[Exercise data Boundary: Start]

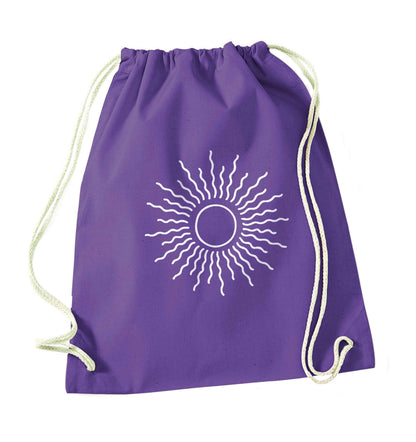 Sun illustration purple drawstring bag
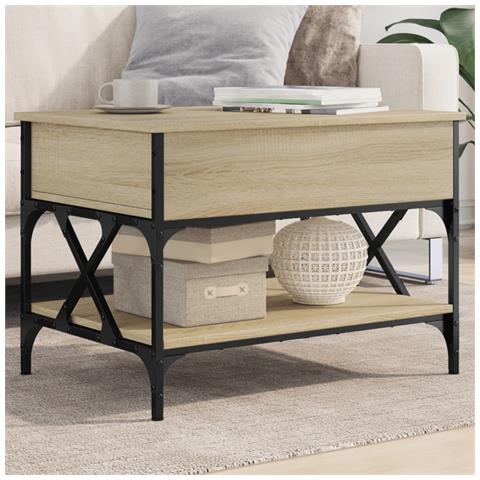 Tavolino Salotto Rovere Sonoma 70x50x50 Cm Multistrato Metallo - Foto 1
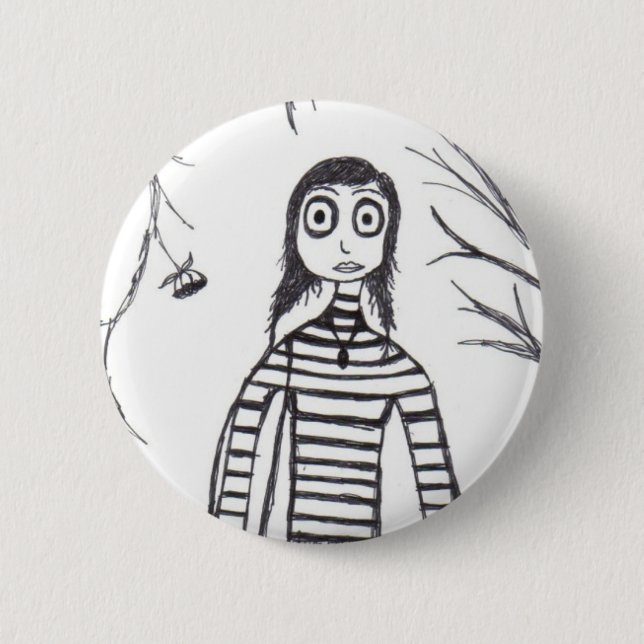 creepy fall pinback button (Front)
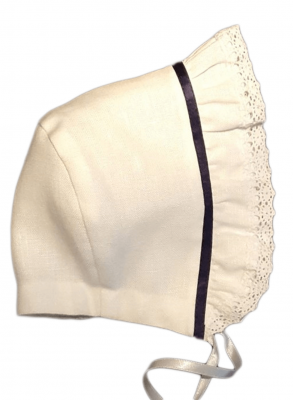 Christening bonnet Grace-Tradition Navy in white linen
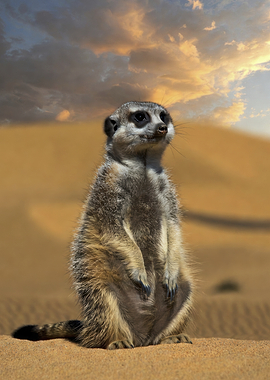 Meerkat Standing in Desert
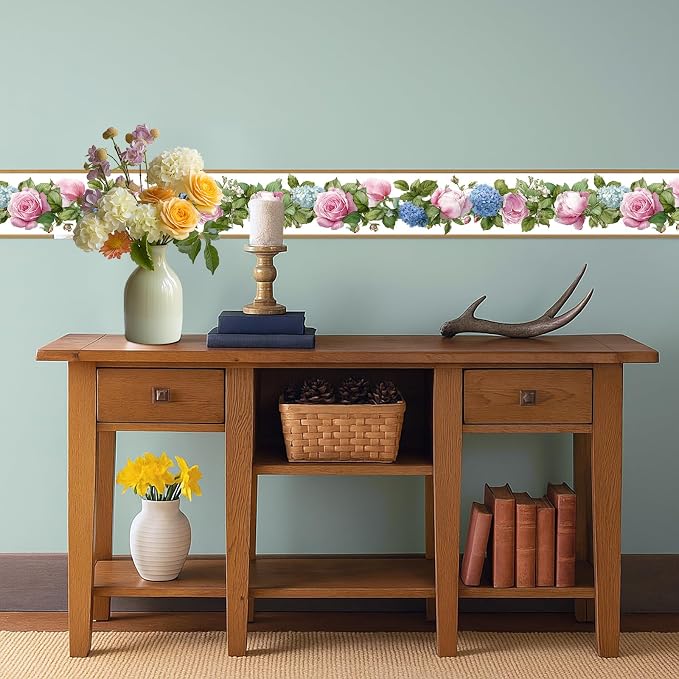 Floral Wallpaper Border 196x4 Inch Peel and Stick Wall Border Pink Blue Rose - Image 6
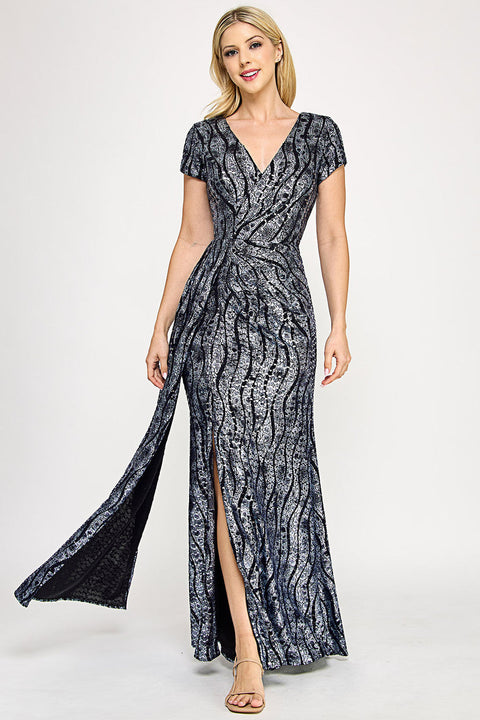 Mother of the Bride Slit Long Formal Dress Lenovia 5331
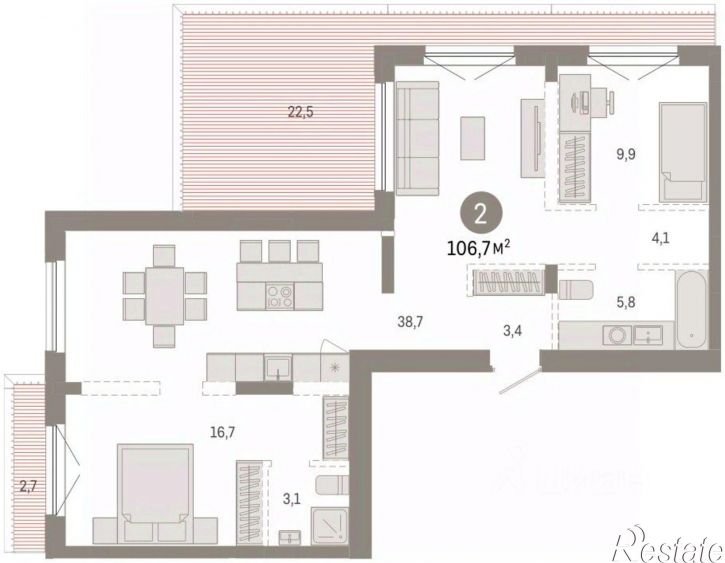3-комн квартира в новом доме ул Большевистская, 104,  д. 104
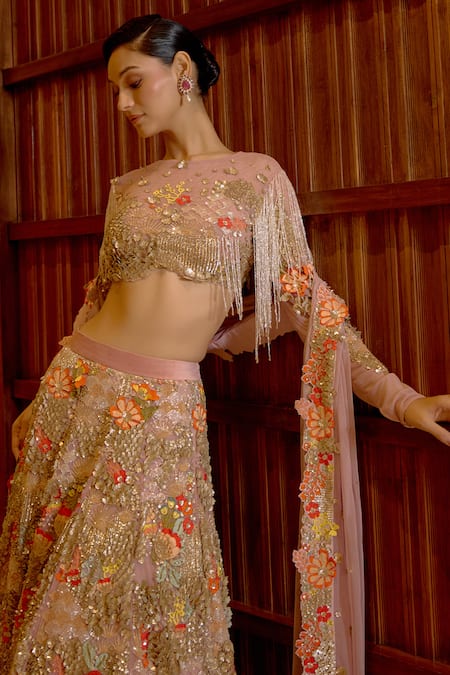 Sahil Kochhar Aangi Silk Soft Net Lehenga Set
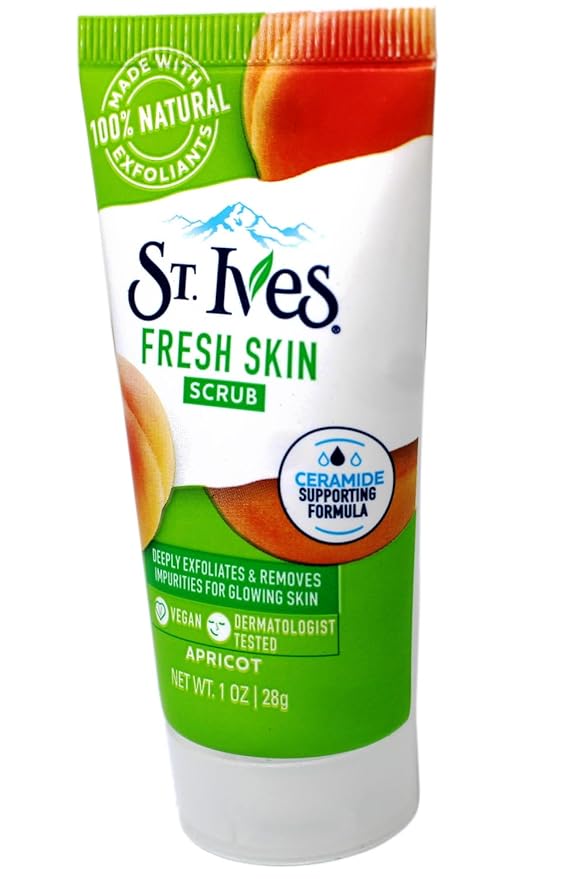 St. Ives Apricot Scrub Exfoliant, Travel-Size 6-Pack – Fresh Skin Exfoliating Apricot Facial Scrub, 1 Oz Ea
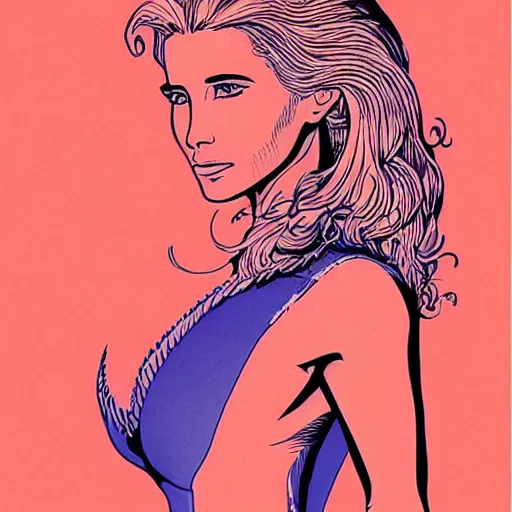 Image similar to “ elsa pataky retro minimalist portrait by jean giraud, moebius starwatcher comic, 8 k ”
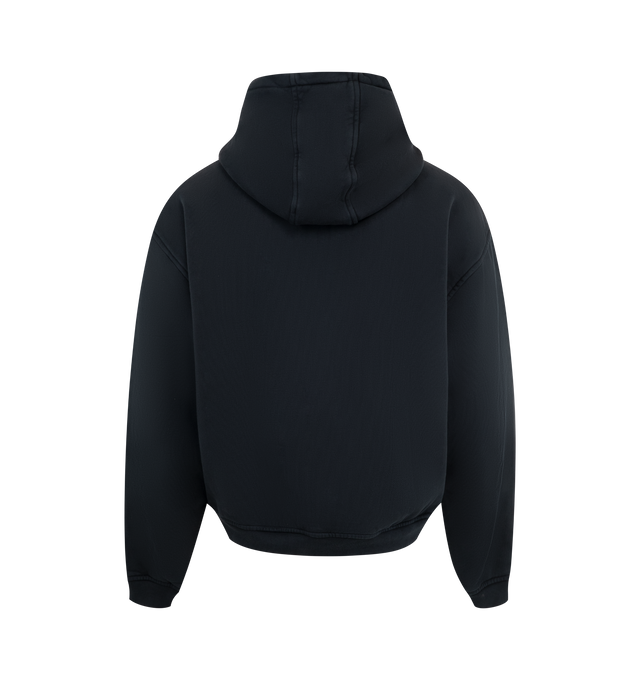 Image 2 of 2 - BLACK - Rhude French Riviera Hoodie featuring cotton fleece, logo, graphic, and text printed at front, kangaroo pocket, rib-knit hem and cuffs and dropped shoulders. 100% cotton. Made in United States. 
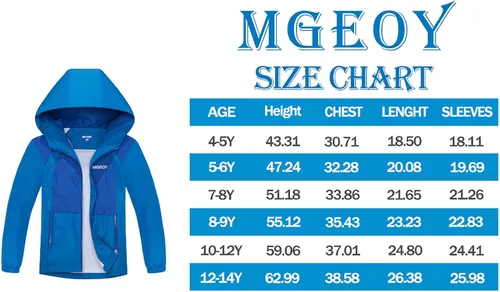 Vista 6 de MGEOY Chamarras impermeables con capucha para niños y niñas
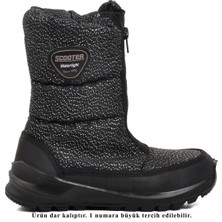 Scooter F7447-F Siyah Simli Içi Kürklü Su Geçirmez Çocuk Kar Botu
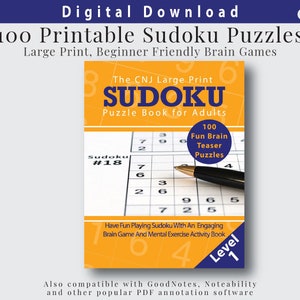 Large Print Sudoku Puzzles Printable - Sudoku Puzzle Book, Quarantine Activities for Adults - Level 1/BEGINNER - PDF-Instant Download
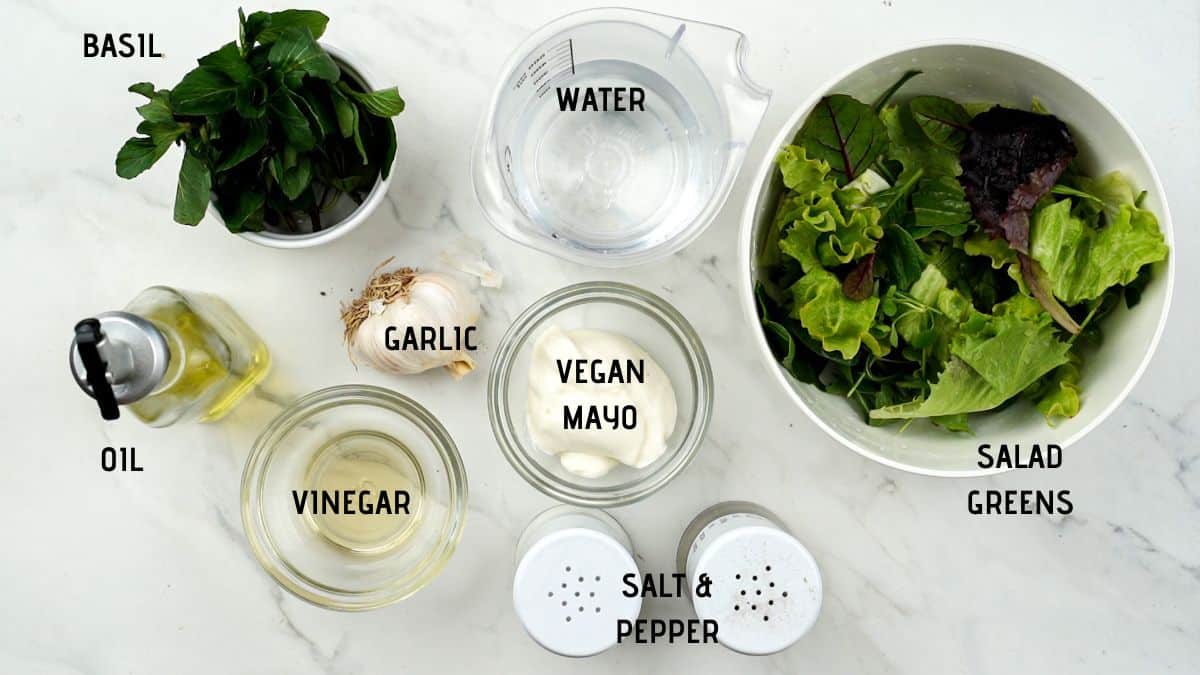 ramekins and bowls of ingredients on marble table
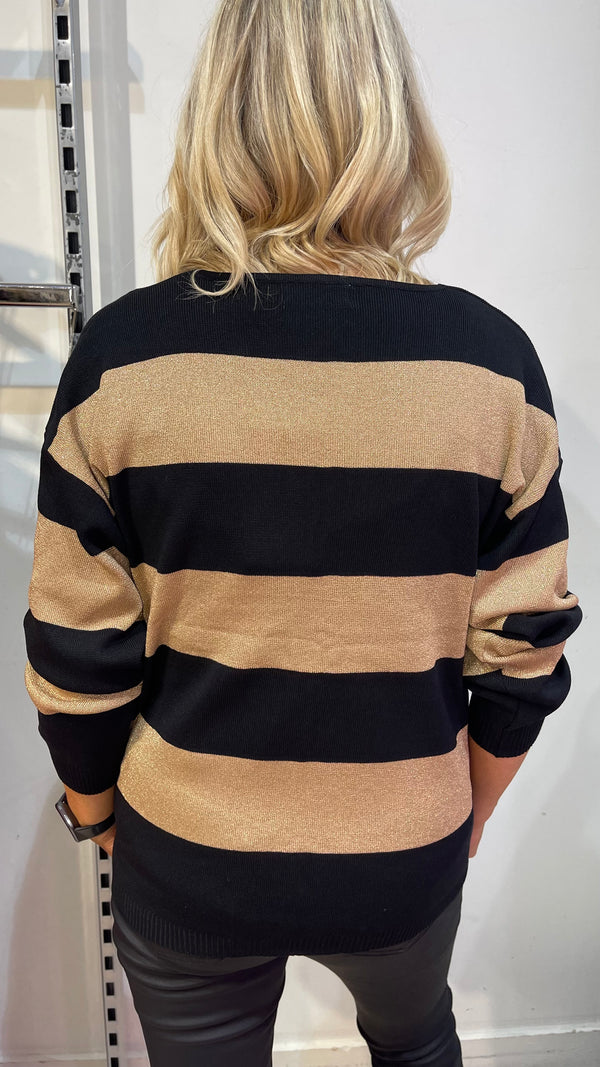 Ethan - Black/Gold Stripe Lurex Jumper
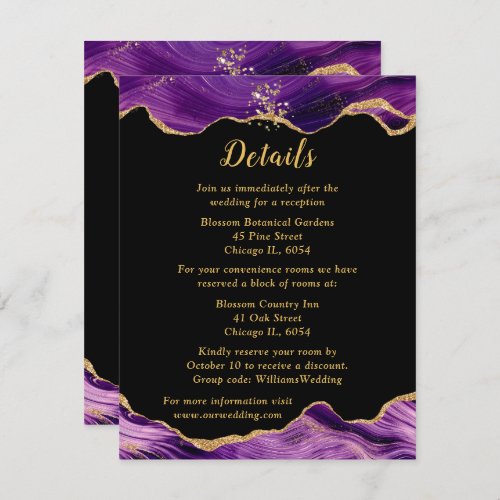 Gold and Dark Purple Agate Wedding Details Enclosure Card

[Exercise data Boundary: End]

• _About this exercise_
Skip all pictures. Copy exactly the lines from the one containing "Large Print Sudoku" through the end of the records, both ends included.

• _Answer for the task_
 Large Print Sudoku Puzzles Printable - Sudoku Puzzle Book, Quarantine Activities for Adults - Level 1/BEGINNER - PDF-Instant Download
 ramekins and bowls of ingredients on marble table
 Ethan - Black/Gold Stripe Lurex Jumper
 Gold and Dark Purple Agate Wedding Details Enclosure Card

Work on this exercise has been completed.